• Huub Rutten

Change is a challenge!

“Change is our biggest challenge”. “Why is it your biggest challenge?” Andre takes a deep breath and says “Good question, Huub, there are many biggest challenges”.


Andre is a man with 20 years of experience in a big discrete manufacturing company. He started his career as a mechanical engineer and today is the R&D manager focusing on cooling techniques. He is the leader of quite a big group of researchers and developers, not only developing new IP but also engineering new features for the new product ranges.


This is a story from the shop floor of product innovation and I believe it is a quite common story, that today is even more painful because of the trend to make products smarter and smarter, with a growing part of software components, embedded or connected. Product specifications get more and more complex.

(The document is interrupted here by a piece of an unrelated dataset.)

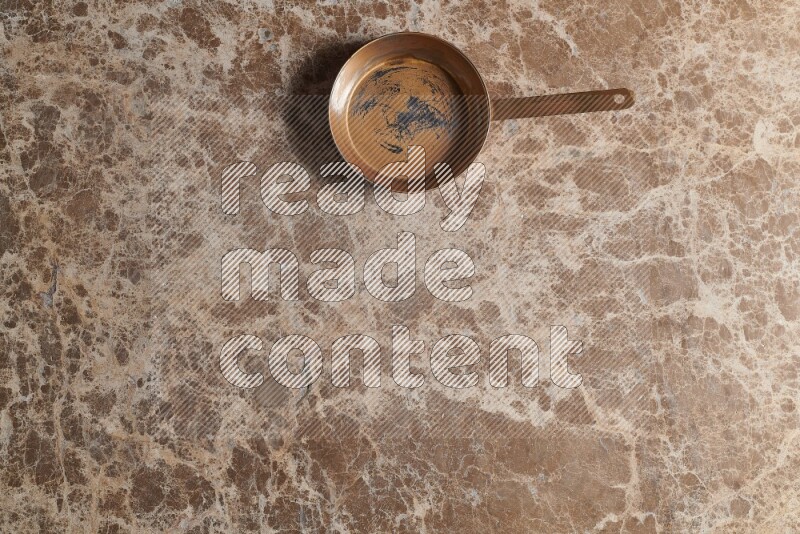 A small copper pan on beige marble background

Andre: “There are lots of reasons why it is a challenge. First let's take the product definition: if I get the product definition from Product Management, well formulated, nicely presented, I know it is going to change. Other departments will start changing it because of technical reasons, or simply because they have a different idea, industrial design makes changes even after prototyping. So I hesitate to start working on it. As a result I will be late and because I also prepare the production process, my team will get deadline pressure. I do my best to change this behavior since a long time, but I can’t get it done”.


“Why not? Which are the deeper reasons in your view?” He answers: “I believe the main reason is that departments have their own agenda. They are islands. Many work for different product lines and in practice they prioritize them to their own criteria, not per se to shared company criteria. Our Board should be harder on shared KPIs. But in our culture engineering departments have a strong position. Also software departments show this attitude. They are used to change. Software is easy to change, compared to mechanical hardware. They give you new versions of the software without proper system testing. They can’t wait till the system is available for testing, so they deliver and move on to another project, for another product line. On top of that, production also has its own agenda. For us it is not predictable when we can test the new product on the production line. So I cannot commit in any way or form to a launch date, In fact nobody can”. “Wait a minute, are you saying that you cannot commit to the date when revenue from the new products should start?” “No I cannot indeed. As long as we don’t have one shared calendar, one roadmap, one and the same KPI, I cannot indeed.”


Well after this conversation I asked myself how the company of Andre still can be successful. Later I found out that 70 % of the new launches are in fact loss making, but that the other 30% made up for the success. The company in fact shoots with hail, many fail but enough hit the target. This means for me that with better coordination the 30% must be improvable to say 50%. That will make a huge difference.